===== Listed entries =====

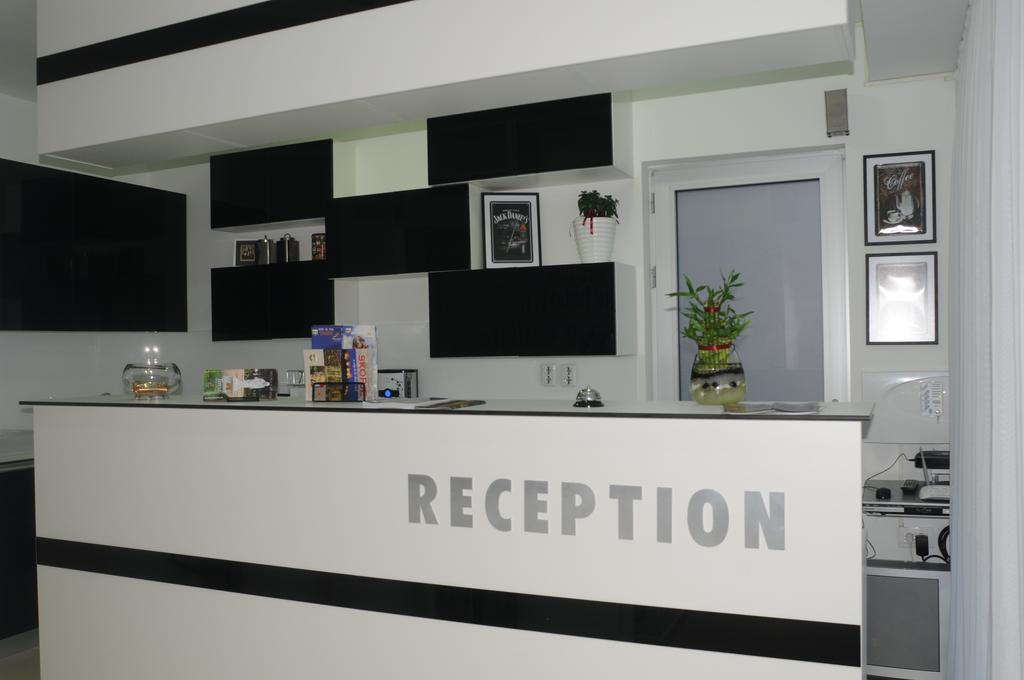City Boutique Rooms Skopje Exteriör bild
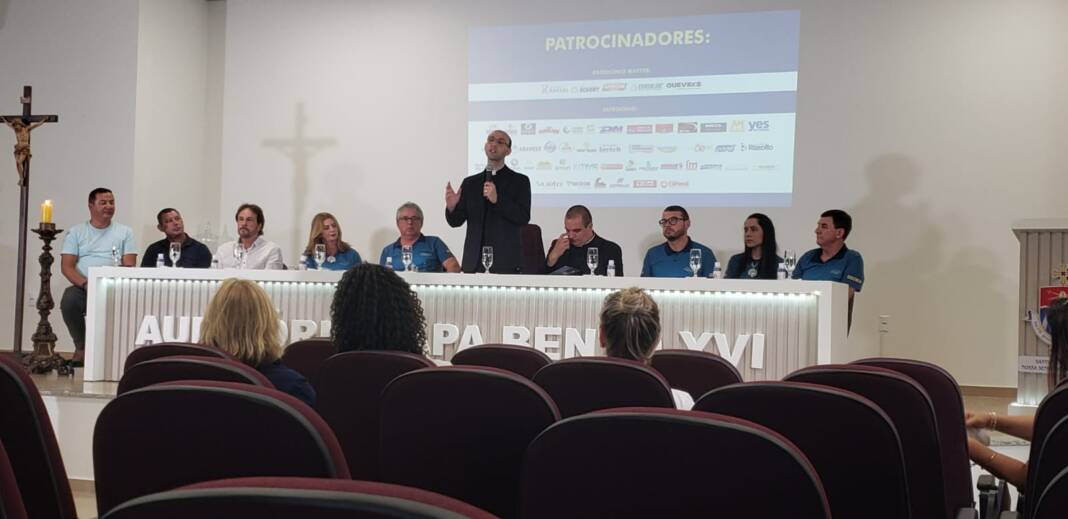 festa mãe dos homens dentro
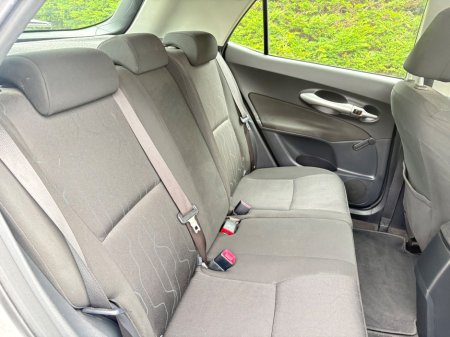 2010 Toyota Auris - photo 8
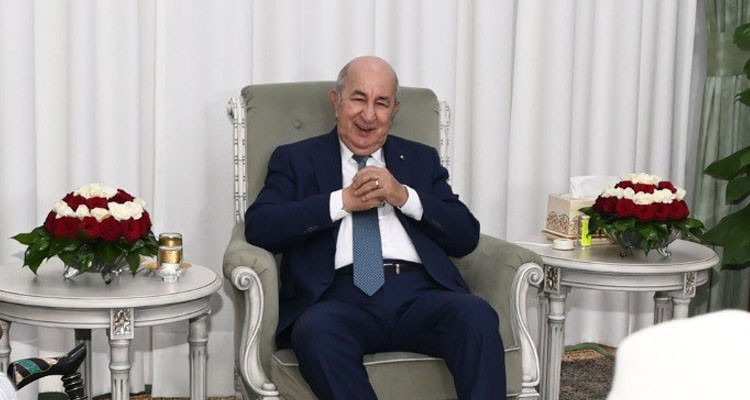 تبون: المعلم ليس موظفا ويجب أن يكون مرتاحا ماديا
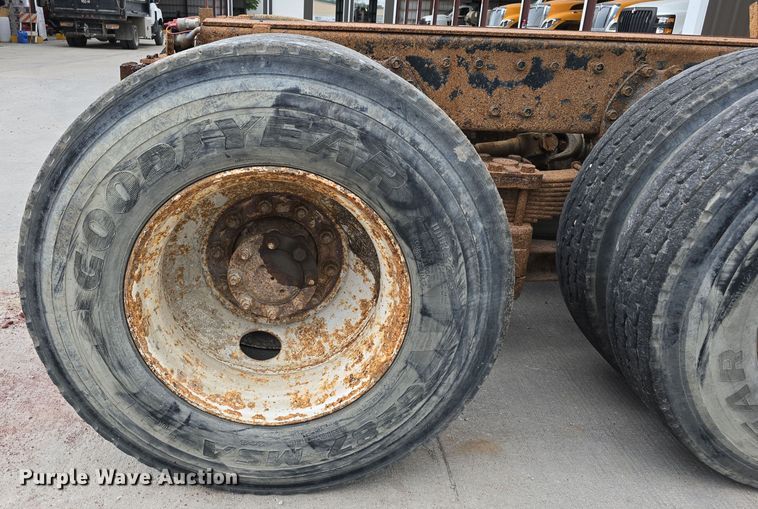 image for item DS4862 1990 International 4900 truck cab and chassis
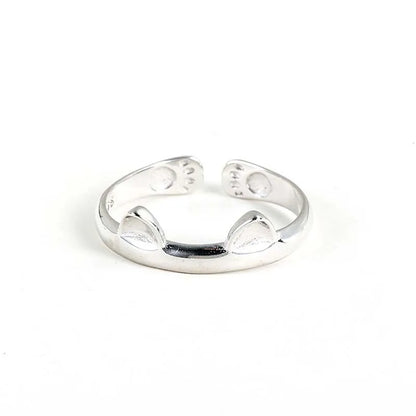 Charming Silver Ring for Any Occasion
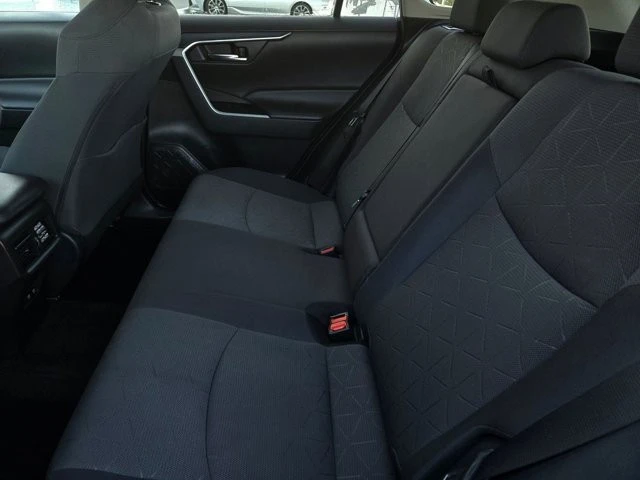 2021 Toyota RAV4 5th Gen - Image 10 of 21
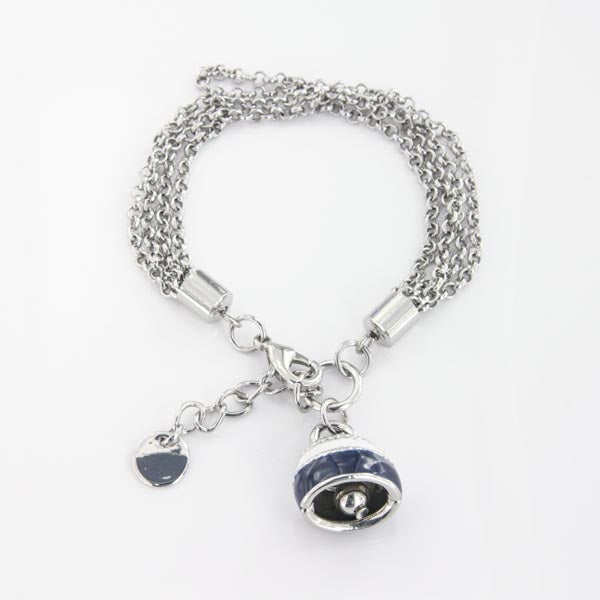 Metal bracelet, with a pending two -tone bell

=====

-- Prompt --
Restate word for word the lines beginning with the one that contains "image for item" and ending with the last line of the listing; pictures stay out.

-- Result for this exercise --
 image for item DS4862 1990 International 4900 truck cab and chassis
 Charming Silver Ring for Any Occasion
 2021 Toyota RAV4 5th Gen - Image 10 of 21
 Metal bracelet, with a pending two -tone bell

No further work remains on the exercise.